Someone (or something) always has to die when sin strides on stage. There can be forgiveness and mercy, but there must always be justice.

In the case of David’s sin two of his children would die. Most immediately, the child of adultery died (2 Sam. 12:15-18). His brief life and sudden death testify that, while God is lavishly gracious and quick to forgive, He does not thus necessarily cancel all the consequences of our sin.

A second son of David would also die as a direct result of David’s sin. Over a dozen times in the Gospels Jesus Christ is called “the son of David.” The New Testament’s opening words witness to the fact: “The book of the genealogy of Jesus Christ, the son of David …” (Matthew 1:1a).

David’s first son died as a consequence of his sin.

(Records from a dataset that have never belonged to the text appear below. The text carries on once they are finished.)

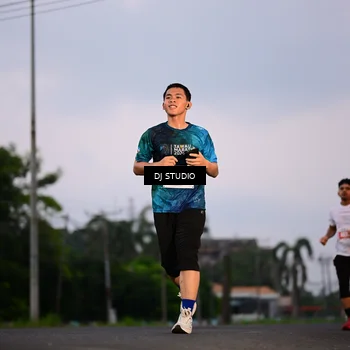 Runner Photo 4749427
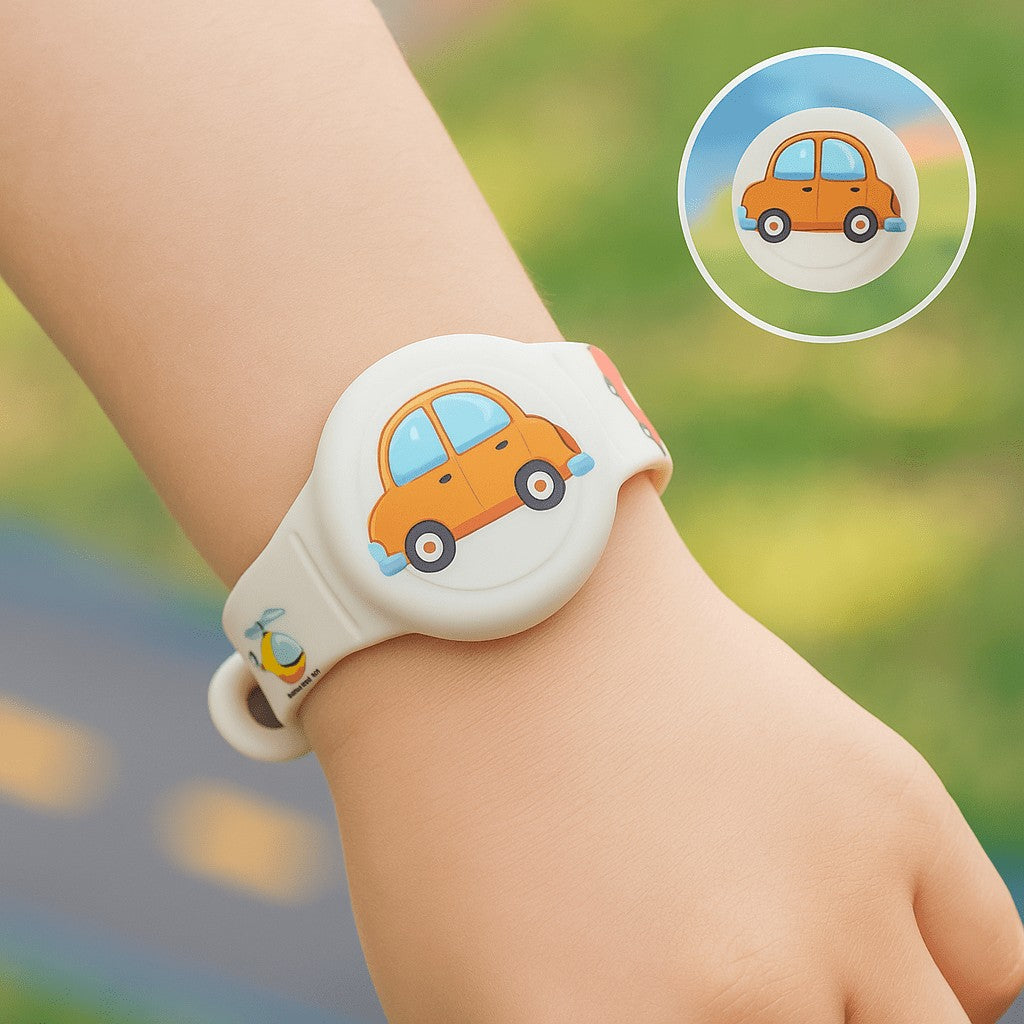 Kinderarmband mit rundem Tracker-Gehäuse, fröhlichem Motiv und verstellbarem Riemen in Beige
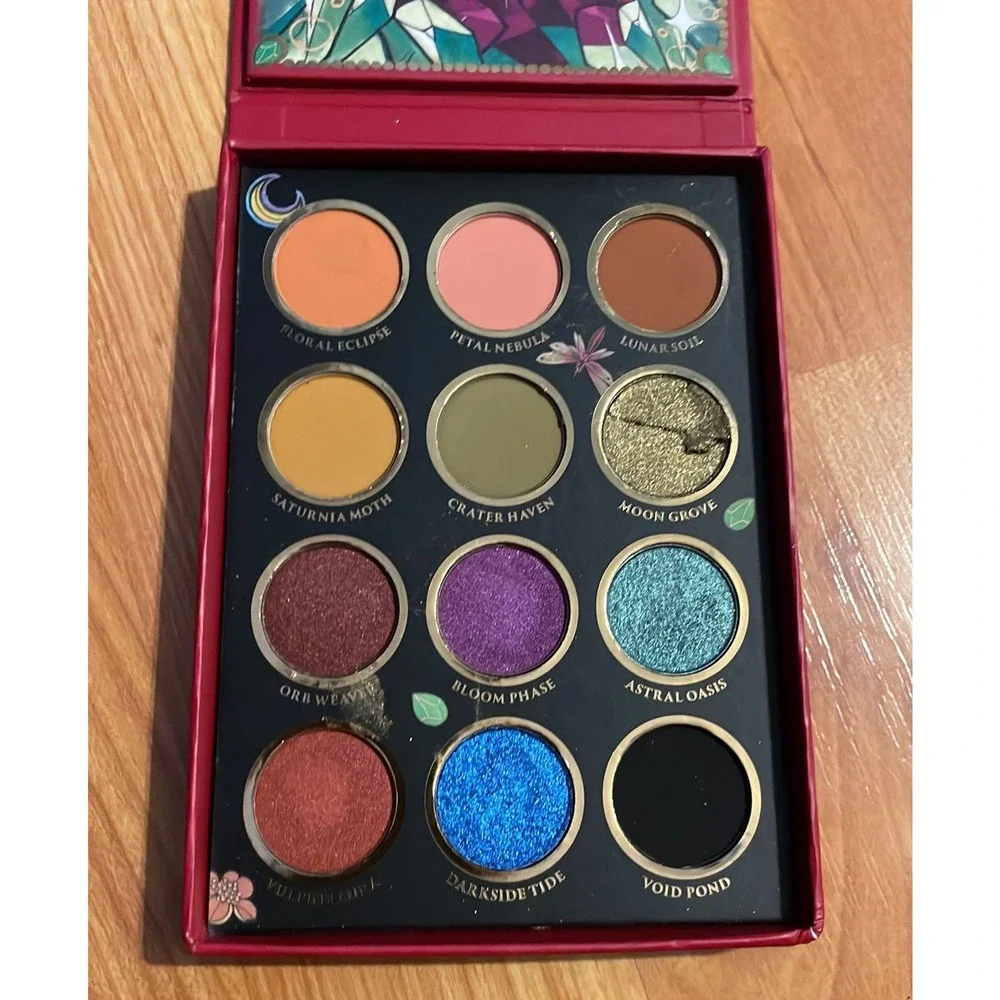 Kvd MoonGarden Vegan Eyes Shadows.   This is the newly released‎ kat von d vegan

His second son died as atonement for his sin—and, thankfully, not only for David’s, but ours as well.

The brother of that first son would later write, “Whoever conceals his transgressions will not prosper, but he who confesses and forsakes them will obtain mercy” (Prov. 28:13). One wonders just how much family history and personal emotion is tied up in Solomon’s proverb. We are wise to heed what he says. We do well to cry, as did the blind men along the road, “Have mercy on us, Son of David” (Matt. 9:27). When we do, Jesus is glad to say, “According to your faith be it done to you” (v.29b).

Lavish Grace!

“A simple correspondence of the sacrifice to the sin would have been sufficient to set our hearts free. And Christ did indeed offer just what was needed for our sins. Yet the perfect sacrifice of the God-man, Jesus Christ is not only sufficient, but abundantly sufficient for our debt. ‘In him we have redemption through his blood, the forgiveness of our trespasses, according to the riches of his grace‘ (Eph. 1:7). Note: not ‘by the riches of his grace,’ but ‘according to the [infinite and immeasurable] riches of his grace’! The grace measured to us in Christ is not simply out of a reservoir of divine goodness, but in proportion to the limitless measure of the whole of God’s infinite grace. Our salvation arises out of ‘the unsearchable riches of Christ’ (Eph. 3:8)!” (Pathways to Peace, p.76)

I am Free!

“He died for me; he made his righteousness mine and made my sin his own; and if he made my sin his own, then I do not have it, and I am free.” (Martin Luther, quoted in The Cross He Bore, Frederick S. Leahy, p.53)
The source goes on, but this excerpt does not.